I’ve posted before on the terrible misinformation that so-called “crisis-pregnancy centers” (CPCs) provide — these organizations are really another front on the war against abortion, designed to prevent young, scared, pregnant women from getting the complete information they need to make informed desicions.

But the Austin Chronicle reports that the situation may be even worse — some CPCs may be nothing more than scam operations, wasting tax-payer money without “serving” any clients at all. The money for these programs in Texas is being diverted from programs for women’s health care and family planning services.

This is just a joke. Instead of getting health care, counseling or support — Texas women are getting nothing at all.

Just a scare

August 7th, 2006

Can the US Horror Film be Saved? While recent horror flicks have delivered big box office revenues, the compelling horror flicks of the last 10 or so years have all been made overseas. American horror has lost its edge, mostly by abandoning social commentary and subversive politics for gore. To see this, all you have to do is compare the original Dawn of the Dead with the remake — the anti-consumerist thrust of the original was entirely lost from the remake. And movies like Saw and Hostel offer nothing but a slick, cheap, dirty scare that serves only to reinforce the conservative ethos of our times.

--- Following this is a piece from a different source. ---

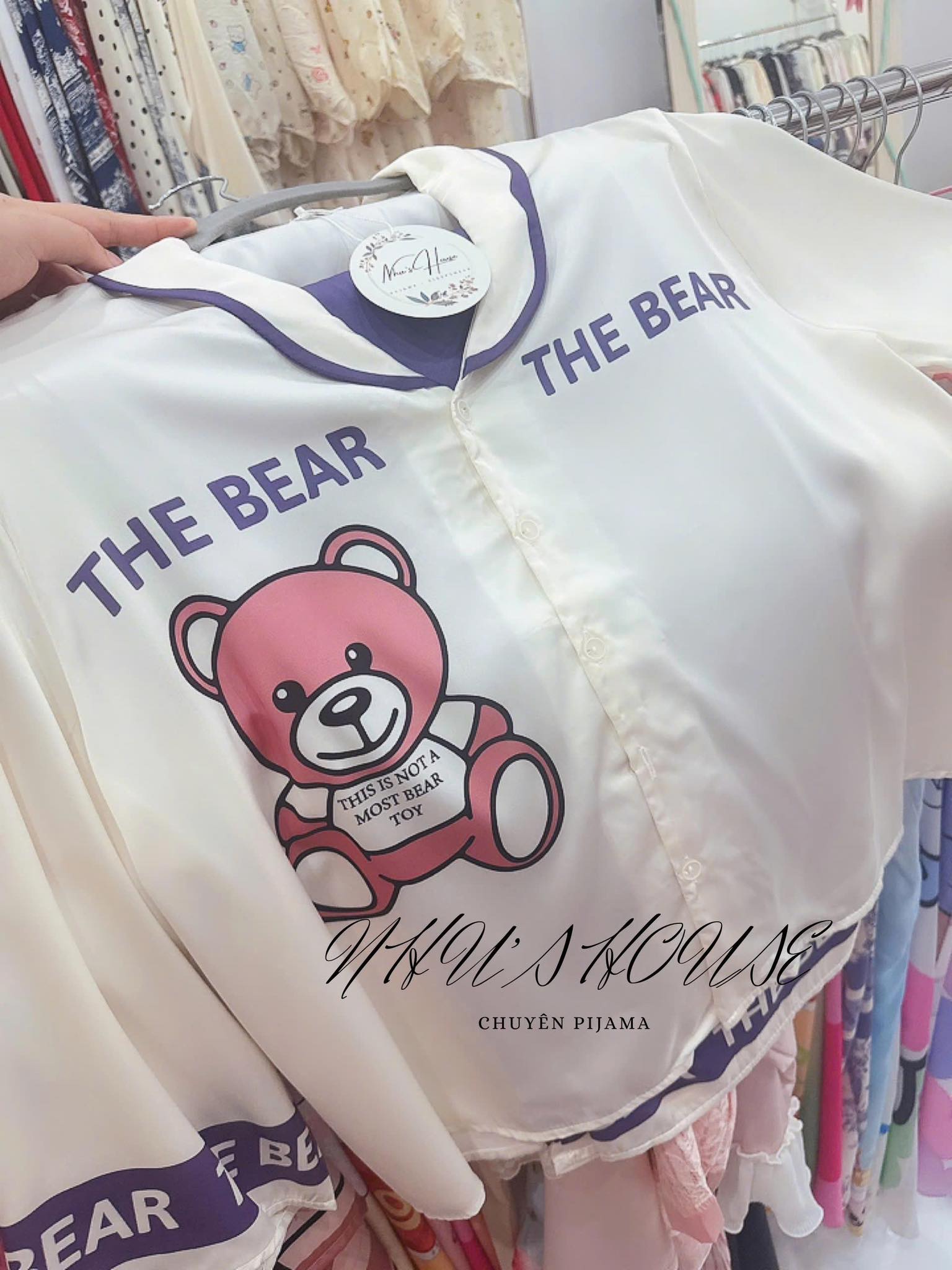 [🆕🇻🇳] Tiệm của Vẽ – Có mấy thứ nhỏ xíu dễ thương ở đây!  👕 Top1Fashion 👗  Tụi mình gọi màu hồng là màu “trẻ không chơi già đổ đốn”.
Vì sao? Vì càng lớn thì tủ đồ của các cô gái thường bị “hồng hoá” thì phải. Thật khó thể lí giải , shares-0✔️ , likes-4❤️️ , date-2025-07-10 01:45:38🇻🇳🇻🇳🇻🇳📰🆕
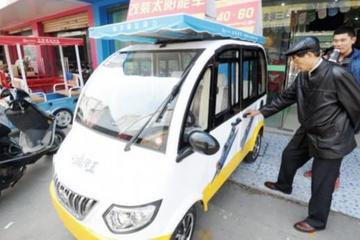 合肥将整治四轮电动车上路 上路就是违规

Is there no hope? Writing for the San Francisco Bay Guardian, Johnny Ray Huston sees some good among all the carnage. I haven’t seen the movies he points to as having potential — like the remake of The Hills Have Eyes–so I can’t comment one way or the other, but the article is worth reading, if only for his analysis of The Descent (written and directed by an Englishman, shot in England, but set in Appalachia) which has two endings — one that has been shown internationally, and one that was made specifically for the US market.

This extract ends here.